Landscape architect Ryan McKnight on his favorite flora for Louisiana homes
This article originally appeared in an October 2020 edition of [email protected]
Landscaping is no easy feat, especially here in Louisiana, where every expert can expect to face multiple decisions surrounding our state’s finicky weather, drenching humidity and plentiful of wildlife. But all of that trouble tends to culminate in the ultimate reward: an abundance of natural beauty. There’s a reason magnolias bloom in springtime and cypress trees flourish in the most inhospitable of swamps, for example—our subtropical climate can’t help but let lush vegetation thrive.
Since sunny days are still ahead, we recently spoke with Ryan McKnight of McKnight Landscape Architects to harvest a few answers on the tricks of the trade when it comes to home landscaping.

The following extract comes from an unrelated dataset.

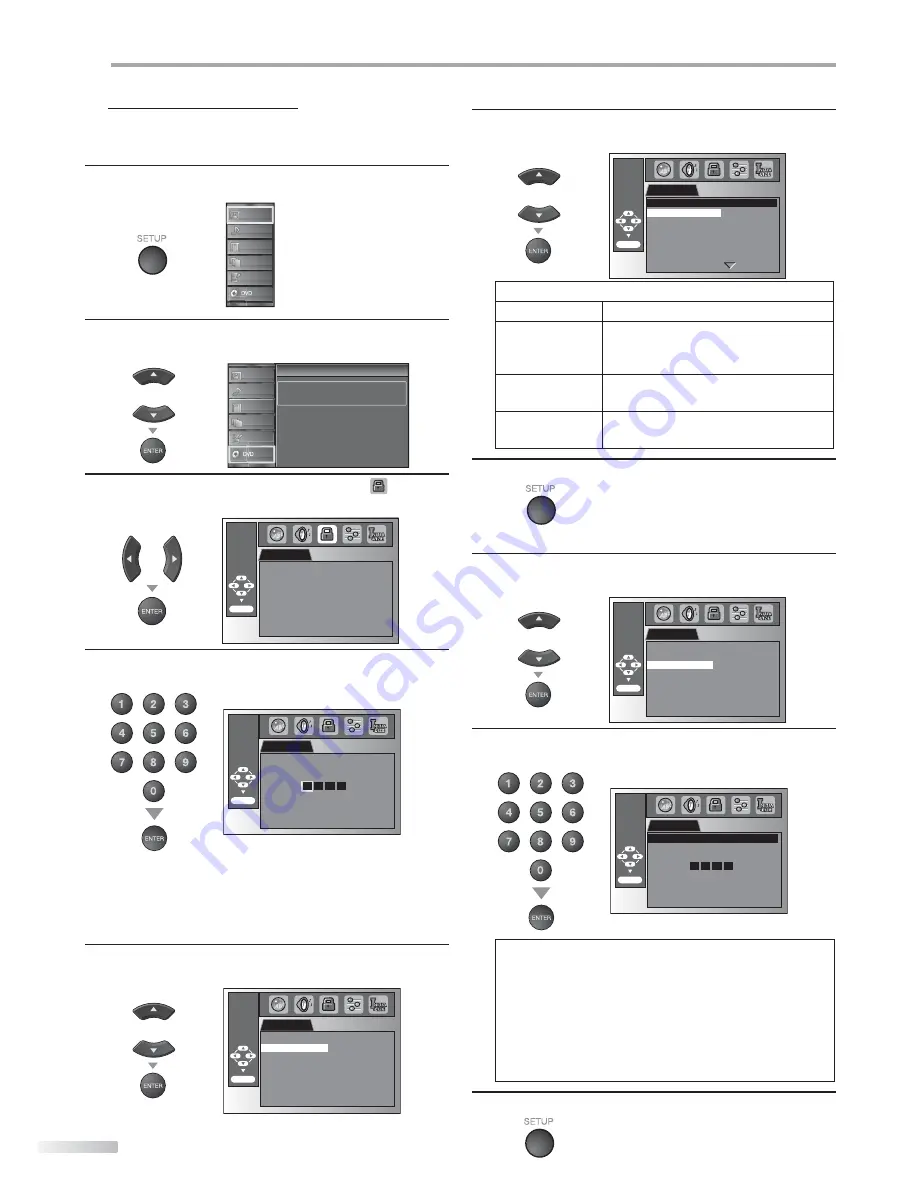 Sylvania LD320SSX Owner'S Manual Download Page 103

What plants would you recommend for lining a walkway and/or porch?
It really depends on the style of the home and property. For a traditional Southern look, I like to use sasanqua ‘ShiShi-gashira.’ These shrubs are evergreen, slow growing, provide a late winter/early spring bloom, and are fairly maintenance-friendly.
What type of trees would be best for a front lawn, near windows, or near a body of water?
Depending on the size of the front lawn, you could always use oaks, maples or elms. It’s fun to look out the window and see a beautiful bloom or sculptural branching. In these situations I like to use Japanese magnolias, Japanese maples, Chinese fringe, sweetbay magnolias, rising sun redbuds and occasionally a chaste tree. Near a body of water, cypress, maples and willow will always work.
Which plants and trees offer the best shade?
Large trees such as live oaks, red oaks and white oaks are the best for shade, but it usually takes years to get any significant amount of shade from these trees. Lacebark, allee elms or similar trees are faster growing and will provide shade sooner.
Are there any plants that offer pleasant scents?
Gardenias, sweet olive and banana shrubs are old Southern favorites for sweet-smelling plants.
Which plants and trees are easiest to maintain for homeowners, and which might need professional maintenance?
Maintenance can be the trickiest part of the landscape, and it’s certainly one of the most important aspects. If the landscape planting was properly selected and installed, a homeowner is capable of maintaining anything, and if not, they’ll struggle maintaining everything.